Should all go well with her work, Ranganathan hopes to improve the certainty around what the future holds. But weather and climate are chaotic systems, making them difficult to predict by definition. One way that Ranganathan is tackling the chaos is through machine learning, where a computer teaches itself with little or no human input. Advised by Sai Ravela, an EAPS principal research scientist with a computer science background, she is using neural networks—a machine learning model roughly based on the connections in the human brain—to help tackle the vast amounts of data she’s dealing with. The hope is to speed up the effort and make it more accurate.

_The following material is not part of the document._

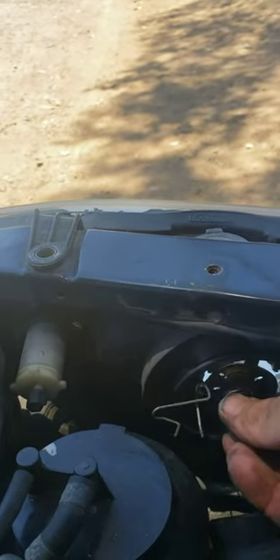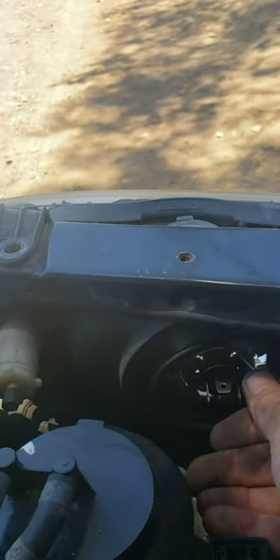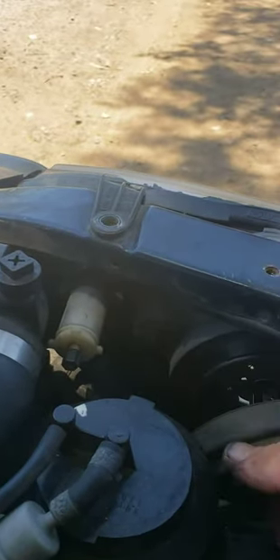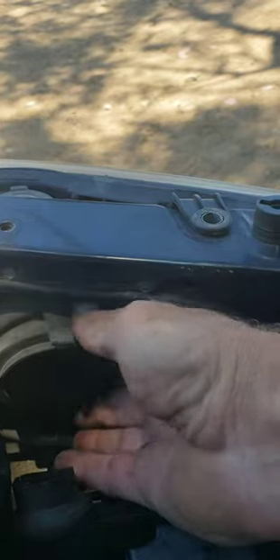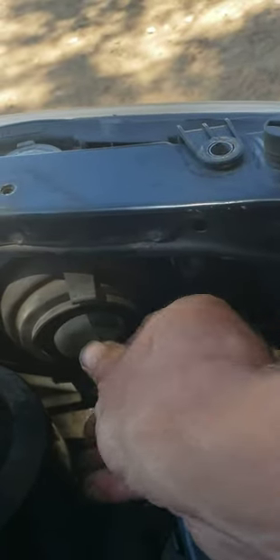Put this back in here like this, then bring this over and press that down. Then take this rubber mount and put it over the seal like this. Then you grab this, take it off, put that right there, and then go around to your car.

Ranganathan’s graduate work at MIT is possible because of financial support, including from the Callahan Dee Fellowship Fund. “The people who dedicate their resources to fellowships are enabling all of this amazing work that we do,” she says. “It’s what makes it possible for me to be here. I mean, the fellowship has been everything.”

Despite the imminent danger facing this planet, Ranganathan no longer runs to the closet to seek cover. Instead, she surrounds herself with people who help her make sense of it. There are the researchers in her department dedicating their lives to weather and climate “to help make the world a better place.” They give her hope. And there are the residents of polar regions themselves—people Ranganathan is already speaking with (in Greenland, for instance) to understand the full range of a community’s experience with climate change. They give her a reality check.

Last fall, the Intergovernmental Panel on Climate Change released a report stating that without action, the worst effects of a changing climate will occur within the next one to three decades. Which means: the siren is wailing. And Meghana Ranganathan and her colleagues are doing all they can to respond.

Cover image: Ranganathan spent a week in Kangerlussuaq, Greenland, in 2016 as an undergraduate studying environmental science. Photo: Courtesy of Meghana Ranganathan.